- DATASET EXCERPT -
□ □ □ □

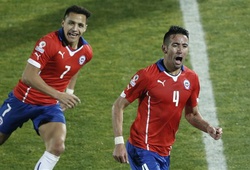 Chile 1-0 Uruguay: Chiến công của Isla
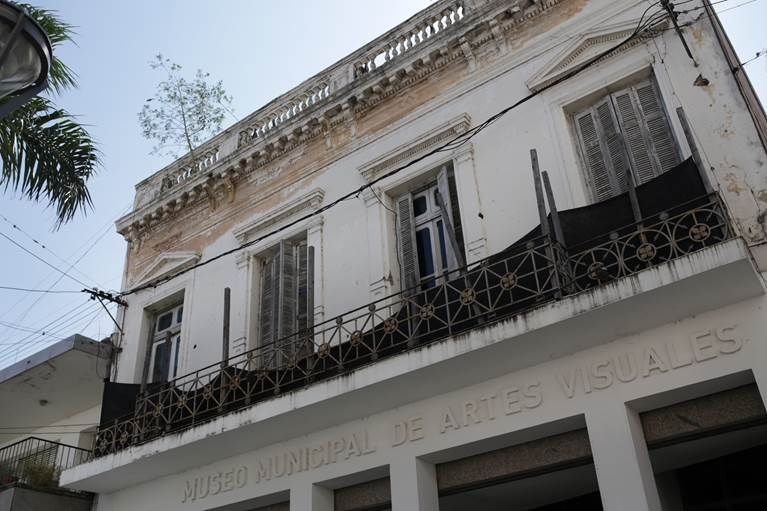 Se licitaron obras para el edificio del Museo Municipal de Artes Visuales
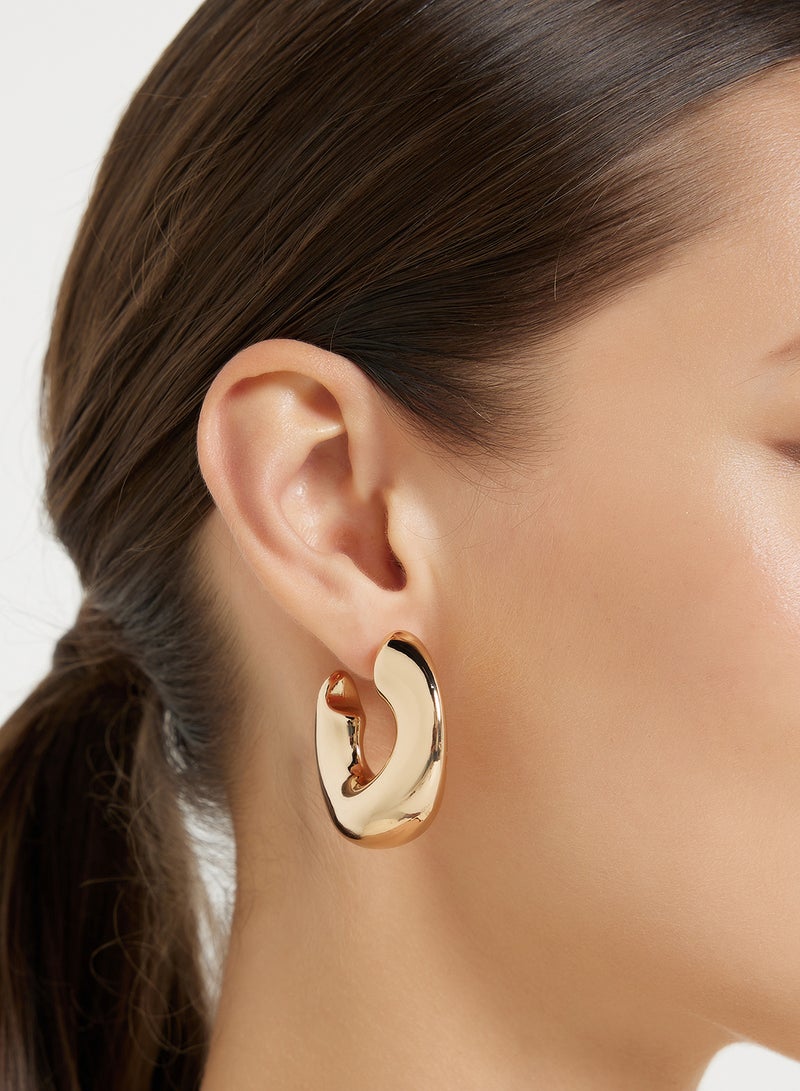 ELLA Essential Hoop Earrings  - Image 3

□ □ □ □

- YOUR TASK -
Skip every picture and transcribe the data above exactly.

- SOLUTION FOR THIS PROBLEM -
 Chile 1-0 Uruguay: Chiến công của Isla
 Se licitaron obras para el edificio del Museo Municipal de Artes Visuales
 ELLA Essential Hoop Earrings  - Image 3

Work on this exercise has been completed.